By Bianca Flowers and Shivansh Tiwary
(Reuters) -Caterpillar beat estimates with a double-digit jump in operating profit on Monday to send its shares to a record high buoyed by mining equipment sales and higher prices across its machinery divisions.
Shares for the Texas-based company were up 5%.
Spending on heavy machinery held steady among commercial clients. Dealer inventories fell for the first time in four quarters, by $900 million, in an encouraging sign that spending remains resilient helped by President Joe Biden’s $1 trillion infrastructure law to upgrade roads, bridges and other transportation infrastructure.
Analysts expect commercial construction, which accounts for 75% of Caterpillar’s business, to help safeguard the company’s margins this year despite an anticipated slowdown in global economic growth.
“This stock has really become a barometer for not just the industrial economy but the global economy writ large – it has also been more resilient than expected,” said Kristen Owen, executive director at Oppenheimer & Co Inc.
Chief Financial Officer Andrew Bonfield told investors on a conference call that top-line estimates would be relatively similar to last year, adding: “We believe that the bottom end of the range remains challenging, but achievable.”
Retail sales in North America were up 11% year on year. Purchases for commercial customers in the Asia Pacific region were down 5% as China’s troubled property market continues to drag on sales in the region.
The company’s profit margins have been helped by a $28.1 billion order backlog for construction equipment and demand from customers in oil and gas, power generation, rail and defense in the past year.
Despite drilling at North American oil rigs showing signs of weakening, the industrial powerhouse is still benefiting from higher purchase volumes for its haul trucks and other mid- to large-sized mining equipment.
Purchases of heavy machinery from construction and mining industries aided Caterpillar’s full-year operating margin.
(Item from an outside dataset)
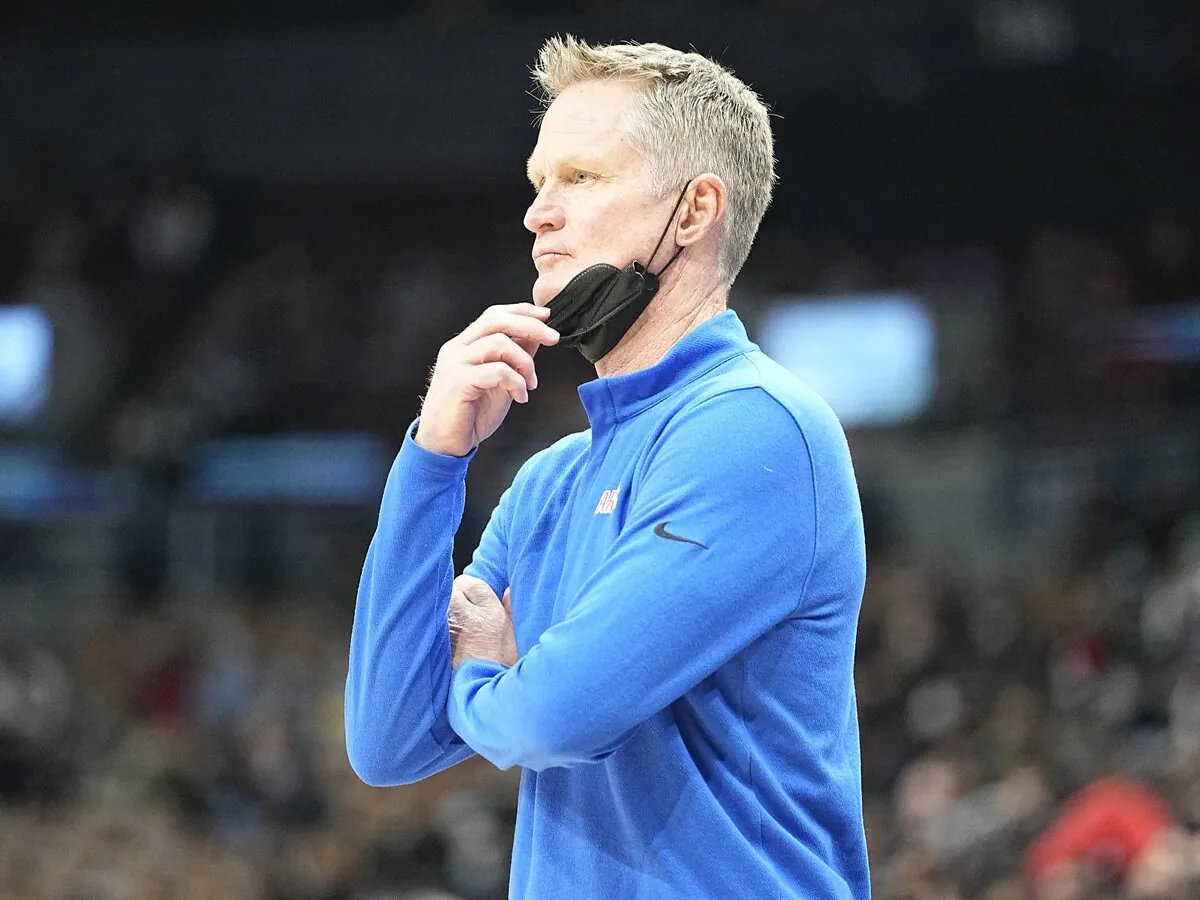 Golden State Warriors head coach Steve Kerr looks on during a game against the Toronto Raptors at Scotiabank Arena in Toronto, Ontario, Canada, on Dec 18, 2021. (John E. Sokolowski/USA TODAY Sports via Field Level Media)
Profit for the world’s largest construction company in the energy and transportation segment rose 21% from the year prior.
Its operating profit margin increased to 18.4% in the fourth quarter from 10.1% a year earlier.
The company’s fourth-quarter profit rose to $2.68 billion, or $5.28 per share, topping consensus estimates of $4.75 per share.
Sales and revenue for the quarter ended Dec. 31 were in line with analysts forecasts, rising to $17.1 billion from $16.6 billion.